I’m digitizing our collection of recipes. It’s gotten a bit unwieldy over time, and these days, we’re just more likely to use an electronic recipe than one on paper.
A lot of this was easy, collecting links to recipes we’d printed out a long time ago, when that was the way we worked. Some of it required copying recipes to a new file to incorporate the changes we’d made to make them ours. Now I’m doing the hard part, the handwritten recipes.
It’s not the typing that makes it hard. It’s the depersonalizing. It’s taking the quirks of gifts and rendering them all in pixels and plain fonts. It’s knowing that even though I plan to keep these pages, we’ll hardly look at them again when there are easier copies to use.
The recipes resist depersonalization, though. They resist standardization. They can’t be fit into a normal recipe format without losing the knowledge they contain. In celebration of that and of the people who live on in these recipes, here’s what my grandmother wanted me to know when I asked her for her special applesauce recipe.

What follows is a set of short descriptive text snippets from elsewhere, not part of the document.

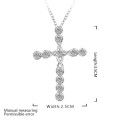 Fantastic price!! Sterling Silver - filled Cross Necklace with simulated diamonds at LOW LOW price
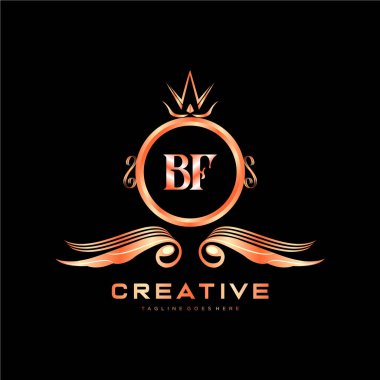 Renkli Çember şablon vektörlü ilk logo.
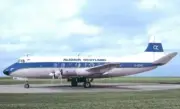 Alidair Vickers Viscount G-BORC postcard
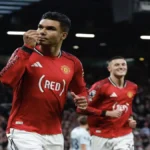 Casemiro gol Manchester United x Brentford Premier League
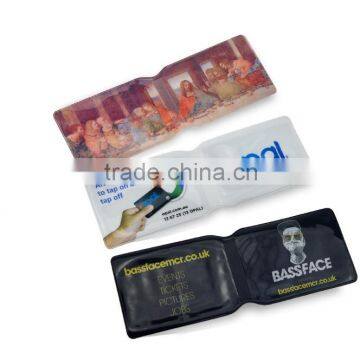 Fashion Soft PVC Oyster Card Wallet Plaistic ID Card Holder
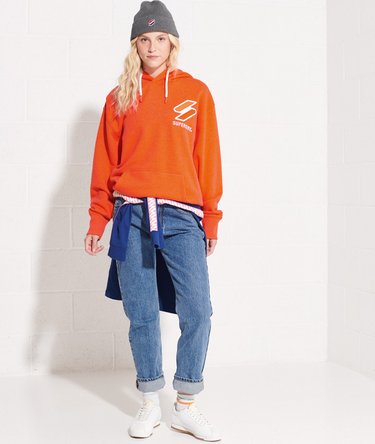 Code Applique Oversized Hoodie Image 2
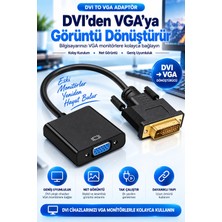 Dvı-D -24+1 To VGA Aktif Dönüştürücü Kablo - Dvı-D Erkek - VGA Dişi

Wash, quarter, and core 2-1/2 lbs apples. Put in sauce pan and partly cover with water. Old apples require more water than new ones. Simmer until tender. Put through food mill, or blend skin and all. Return pulp to sauce pan. Add enough sugar to make palatable. Cook gently 3 minutes. Check for sweetness (need more sugar?). Sprinkle with cinnamon and nutmeg. If apples are tasteless variety, add drop of lemon.
Wash, peel, core, and slice about 8 tart apples. In saucepan, add 1 cup water to 1 lb apples. Simmer until tender. Stir in 1/2 cup sugar, dash of salt, 1 tsp lemon juice (if apples aren’t too tart), 1/8 tsp cinnamon or nutmeg. Taste—add more sugar? Cook 1 minute more. Serve cold. Good topped with whipped cream or ice cream.
There are so many varieties of apples it is difficult to make a definitive recipe. Have fun.
It’s apple season here. I think this would be a good year to make some apple sauce.